The mountains are calling, and I must go. John Muir
Across the street and behind the houses on the other side of my Upstate New York home was a wooded area. I remember it as a mountain . I am sure it would not look so imposing if I viewed it now from my adult eyes
On many a summer day I would take a path to the right of the Douglass’s home and head into the oaks and maples. I would sit on logs and imagine myself as Heidi or Lcittle Red Riding Hood.
This was a lone adventure. Although we were perfectly situated between the shores of Lake Champlain and Adirondack Mountains, our family never headed for the woods.
When my parents purchased a cottage on Willsboro Bay, I replaced the trips to the woods with walks to The Point, an area about a quarter of a mile from our cottage that offered views of Lake Champlain and Burlington, Vermont. It was my get-away, my place to sit and think and deal with teenage angst.Even as a adult, I viewed The Point as one of my favorite places. I shared it with friends and, of course, Larry the first time he visited me in the summer of 1973.
And then I finished college and married and started a family. Larry and I purchased a home with a private, wooded backyard. We biked along quiet country roads in Saratoga County. We took occasional short hikes into the woods in Lake George or Vermont or Williamstown in the fall. But I felt that I had lost touch with the woods, with the mountains.

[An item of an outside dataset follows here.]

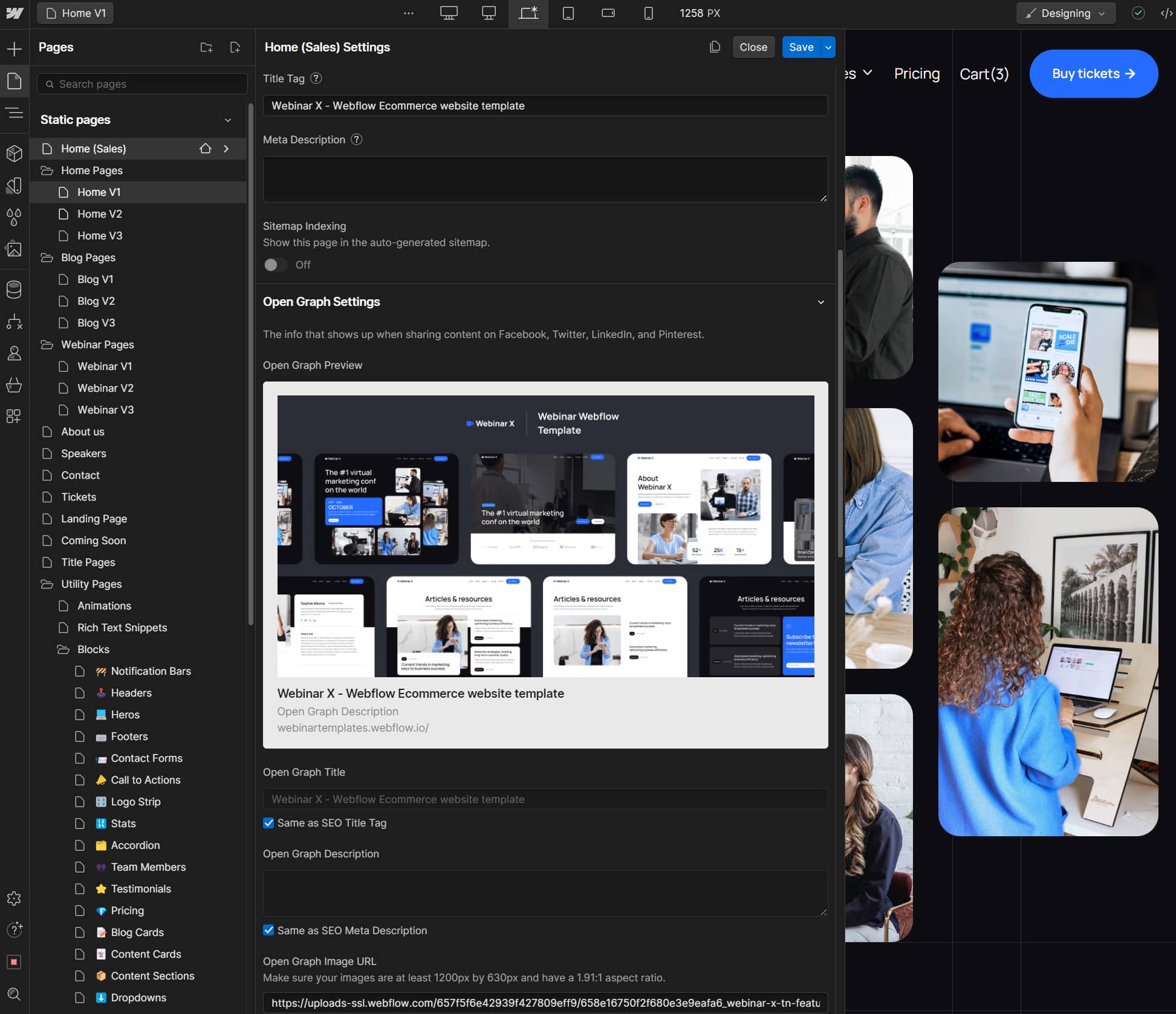 Webinar X Webflow Template And Ui Kit - Seo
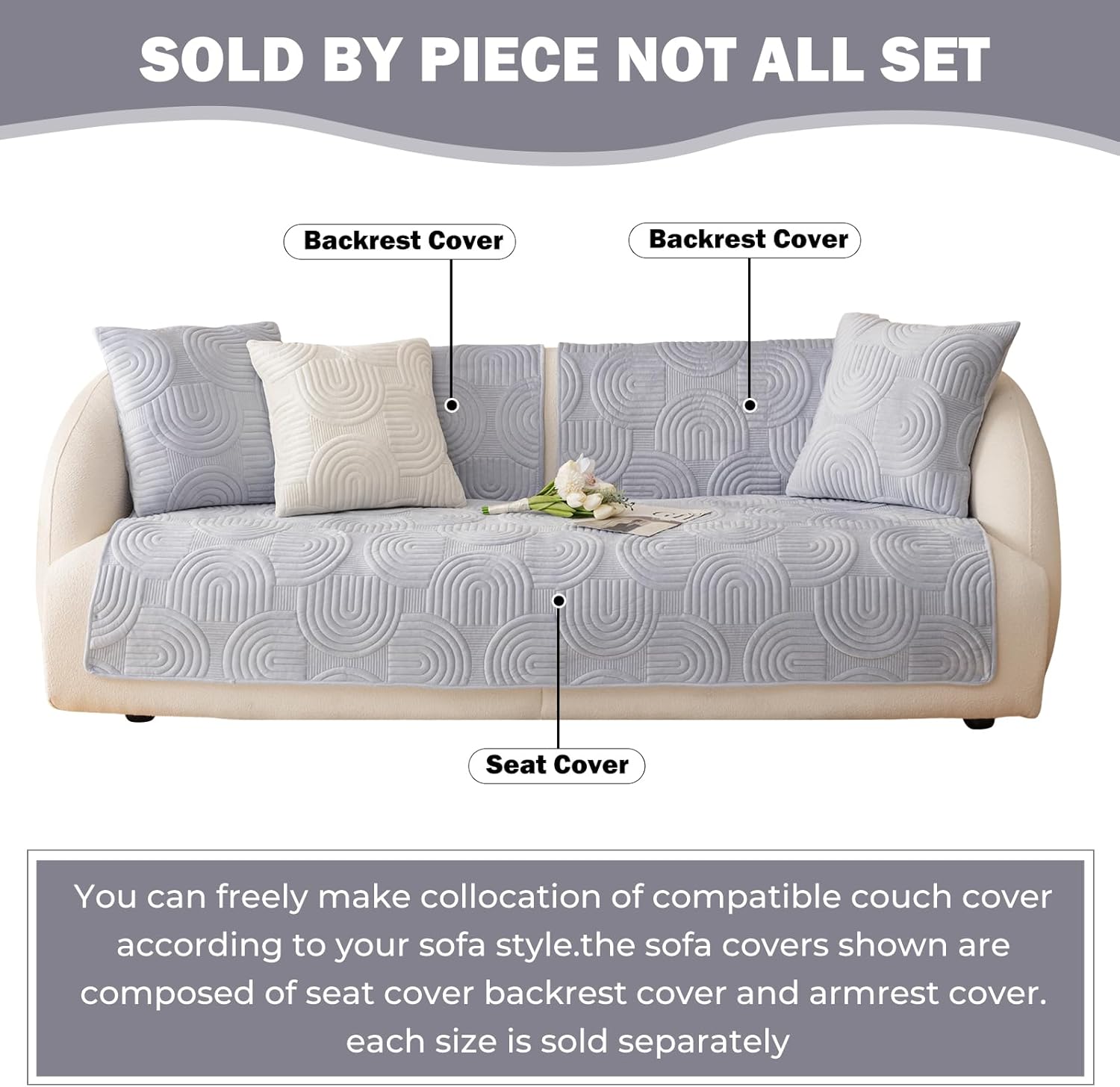 Soft Plush Geometric Quilted Couch Sofa Cover Boho Non Slip Fuzzy Sectional Couch Cover Solid Color Washable Sofa Slipcover Furniture Protector for Kids Dogs Cats (Gray,36"x102")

That all changed in 2003. Our daughter Julie moved out to Colorado after graduation from college She took a “one-year” job as an environmental education teacher two hours west of Denver and in the middle of the Rockies.
Julie soon fell in love with Colorado, the mountains, and Sam, not necessarily in that order. On our first visit in June 2004, she took us on easy hikes in Eagle and Summit Counties. By the following summer, Sam and she were trusting us to accompany them on longer, more challenging heights.
As our hikes became longer, so did the length and frequency of our visits to the mountains. Julie and Sam completed grad school degrees, got married, found jobs, and bought a house in Frisco, elevation 9096 or 9097 feet above sea level, depending on which tee shirt you purchased. In anticipation of the birth of our granddaughter in the summer 2015, we rented a place for several weeks, a tradition we have continued every year.
Frisco, located in Summit County, is amazing in the summer—once it stops snowing! This year a long hard winter gratefully came to an end June 21.Even my then three-year-old granddaughter had had enough. “I’m so over winter,” she said. “I am ready for summer and my birthday!”
When we arrived June 30, the still-snow topped mountains had already exploded in shades of green Our first hike was to Rainbow Lake, only a mile up an easy trail near Julie’s home. As we got more acclimated to the altitude, we hiked such colorfully named trails as Lily Pad Lake, Shrine Pass, McCulloughs’ Gulch, and Cataract Lake. Creeks churned through meadows and fields. Columbines and wild roses and cone flowers peaked out between fallen logs and rocks on trails that led to waterfalls and lakes and vistas that took my breath away.
We often share the trails with both locals and others who have found, like us, that it doesn’t get much better than a beautiful summer’s day in the Rockies. We pack water and a snack and find a spot in the middle of the hike just to sit and take in our surroundings.
Larry has found a pickleball league in Summit County (“We Play with an Altitude!”), and several days a week he heads out the courts. On those days, I get ready for my alone time to Rainbow Lake.
I apply the only “make-up” I need, liberal amounts of sun screen. I put on my hiking clothes and lace up my boots, fill a small backpack with water, bug spray, dog treats and poop bags. I then pick up our granddog Neva, and we head up a trail to Rainbow Lake. Neva pauses frequently to sniff at her “pee mail” and to check out a squirrel or magpie. I savor the beauty surrounding me—the columbine growing from a dead trunk, the sunlight reflecting through the aspens, logs stretching over a small stream.
Once we get to Rainbow Lake, I let Neva off her leash and toss a stick into the lake. After a few dog paddles into the chilly water, Neva settles down next to me on my favorite rock. A beaver paddles away from its lodge and few ducks swim across the still water with its reflection of trees and mountains. A woodpecker hammers away on the bark of a pine tree.
Images of Heidi have been replaced with images of Cheryl Strayed on the Pacific Ridge Trail or Bill Bryson on the Appalachian Trail. It is my time. I am grateful to G-d for the opportunities open to me in the mountains and for the health to enjoy it. I am at peace. I am back to my Adirondack roots.